Tu penses que ton parcours de sportif professionnel a été un bénéfice pour l’entrée dans ce nouveau monde ou l’inverse ?

 

C’est un bénéfice, oui et non. Oui, parce que tu as des valeurs, tu partages, tu rencontres des gens, et de toute culture. C’est bénéfique parce que le sport t’apprend énormément, et le sport, c’est la santé. Il faut faire du sport. Mais en même temps,  ta carrière te coupe un petit peu du monde, tu ne vois pas la réalité, tu sais comment ça se passe à côté, tu sais que les gens se lèvent à 5h du matin pour aller au travail. Moi, je vois le quotidien de mes parents qui étaient ouvrier et employé, ils ont toujours trimer. Tu le sais, tu le vois, mais toi ça t’atteint pas parce tu es là-haut, tu gagnes un peu plus d’argent, tu fais ce qu’il te plait, donc forcement, là-dessus, ce n’est pas bénéfique.

 

 

Comment se passe ta vie professionnelle maintenant ? Comment avez vous trouvé équilibre ? Toujours un peu de sport ?

 

Ce qui était important pour moi, c’était de retrouver une vie de famille, parce que quand t’es joueur tu fais beaucoup de sacrifices. Mais je me suis rendu compte, qu’il y a beaucoup de similitudes entre le sport et ce que je fais aujourd’hui en tant qu’opérateur extérieur. Déjà, c’est une activité extérieure. Aussi je fais les trois 8, donc un planning de travail qui change tout le temps, et ça ne me dérange pas du tout parce que j’avais déjà cette habitude en tant que footballeur : parfois on s’entrainait le dimanche, parfois le matin, parfois l’après-midi.

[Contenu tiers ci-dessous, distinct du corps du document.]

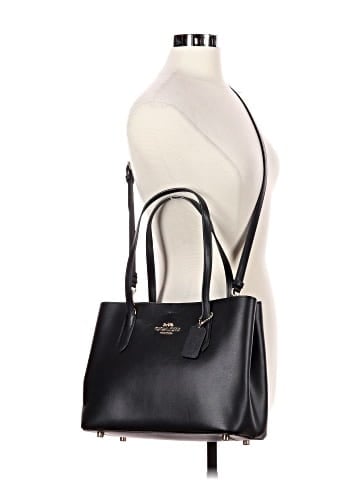 Coach Factory Leather Tote (view 2)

Ensuite, tu as la cohésion de groupe, tu es 7 ou 8 par équipe, tu partages des valeurs, tu partages pleins de choses. Et puis, c’est quelque chose pour laquelle tu es assez bien payé, c’est bien de pouvoir mettre du beurre dans les épinards pour ta famille. Aujourd’hui, tout se passe bien, je suis en fin de formation pour obtenir un CDI, et j’espère que ça va se faire assez rapidement, les gens de mon usine sont satisfaits de mon travail pour l’instant, j’espère que ça va continuer. C’est le début d’une nouvelle vie hors football, j’espère que ça va bien se passer.

 

Merci Sébastien.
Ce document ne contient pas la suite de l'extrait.